Sejarah memperlihatkan fakta bahwa yang diperbaiki Sang Nabi Islam ketika di Makkah dan Madinah adalah memperbaiki urusan ketuhanan dengan perbuatan baik. Kita tahu bagaimana akhlak Rasulullah saw. Ketika orang yang membenci dan setiap hari meludahinya menderita sakit. Alih-alih dibalas, malah Sang Nabi menengok, memaafkan, dan mendoakannya. Akhlak inilah yang kemudian membuat orang-orang Makkah sadar bahwa agama yang dibawa Sang Nabi merupakan ajaran yang luhur dan agung.

Kisah lainnya, seorang dari dusun datang ke Masjid Nabawi kemudian kencing. Orang-orang yang berada di sekitar Sang Nabi marah dan ada yang bersedia akan membunuhnya. Sang Nabi tidak memperkenankan tindakan tersebut, malah membiarkannya dan meminta orang untuk mengambil air yang kemudian Sang Nabi sendiri yang membersihkannya. Perbuatan mulia yang dilakukan Sang Nabi itu dilihat orang dusun tadi yang kemudian menyentuh kesadaran nuraninya sehingga menjadi pemeluk Islam. Seandainya orang dusun tersebut dibunuh, pasti tidak menjadi seorang Muslim, dan akan membuat orang-orang yang belum beriman akan semakin menjauh karena ketakutan dengan tindakan keras yang mudah menumpahkan darah. Meski memang pada zaman tersebut penumpahan darah atau kekerasan merupakan hal yang biasa dalam menyelesaikan sebuah persoalan yang dianggap penting. Hal-hal yang lumrah yang bernilai buruk, yang berlaku pada masyarakat Arab kemudian diubah dengan akhlak yang baik. Karena itu, reformasi yang dilakukan Sang Nabi yang hingga sekarang tetap bergaung dalam ajaran-ajaran Islam adalah menyempurnakan akhlak.

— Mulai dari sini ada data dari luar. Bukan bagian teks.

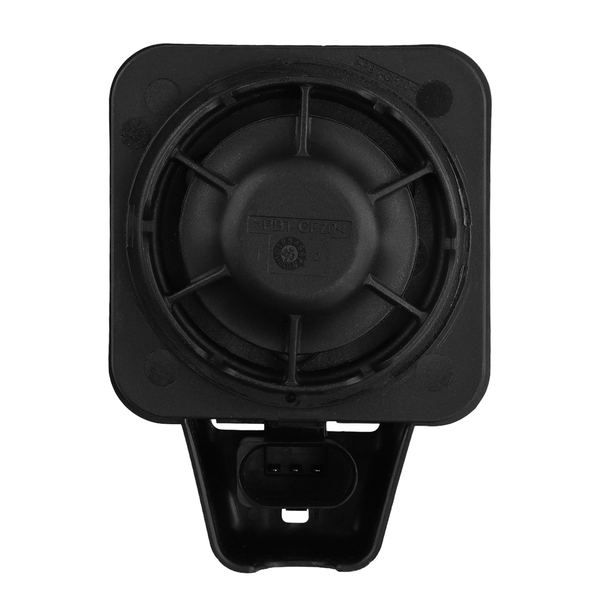 Car Security Alarm Speaker Horn Electronic Alarm Compatible with Audi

Untuk menyempurnakan, memperbaiki, dan mengubah sebuah kebiasaan atau perbuatan buruk menjadi baik membutuhkan figur dan standar nilai yang menjadi pedoman. Dahulu memang ada Sang Nabi yang diketahui dari sejumlah buku sejarah dan riwayat-riwayat. Namun, sekarang ini siapa yang dapat memastikan bahwa buku dan riwayat tersebut benar-benar valid bersumberkan dari Sang Nabi? Siapa yang berhak menentukan bahwa riwayat yang dikemukakan muhadis Bukhari, Muslim, Nasai, Ahmad, Daud, Thabrani, dan lainnya otentik, sehingga dari mereka umat Islam dapat mengambil teladan dan sunnah Rasulullah saw yang berkaitan dengan akhlak dan ibadah?

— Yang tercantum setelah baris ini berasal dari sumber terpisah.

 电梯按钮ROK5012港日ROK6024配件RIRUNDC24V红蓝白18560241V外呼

Menjawab soal itu tentunya tidak sekadar dengan klaim bahwa seorang yang pernah ngaji di pesantren layak dijadikan pegangan dalam urusan agama. Tidak juga ada yang menentapkan bahwa seorang yang pernah belajar agama di universitas Islam ternama layak untuk diikuti pendapatnya dalam beragama dan pemecahan urusan keagamaan. Urusan yang menentukan kebenaran atau otentitas ajaran agama memang persoalan keilmuan yang akan terus memperkaya khazanah peradaban umat Islam.

Namun, secara lahiriah dalam kehidupan masyarakat yang dilihat adalah bagaimana pemeluk agama itu beragama? Kalau tidak sesuai dengan ayat atau ajaran yang tercantum dalam kitab suci dan sumber-sumber otentik agama maka orang akan dengan mudah menyebutnya pendusta agama.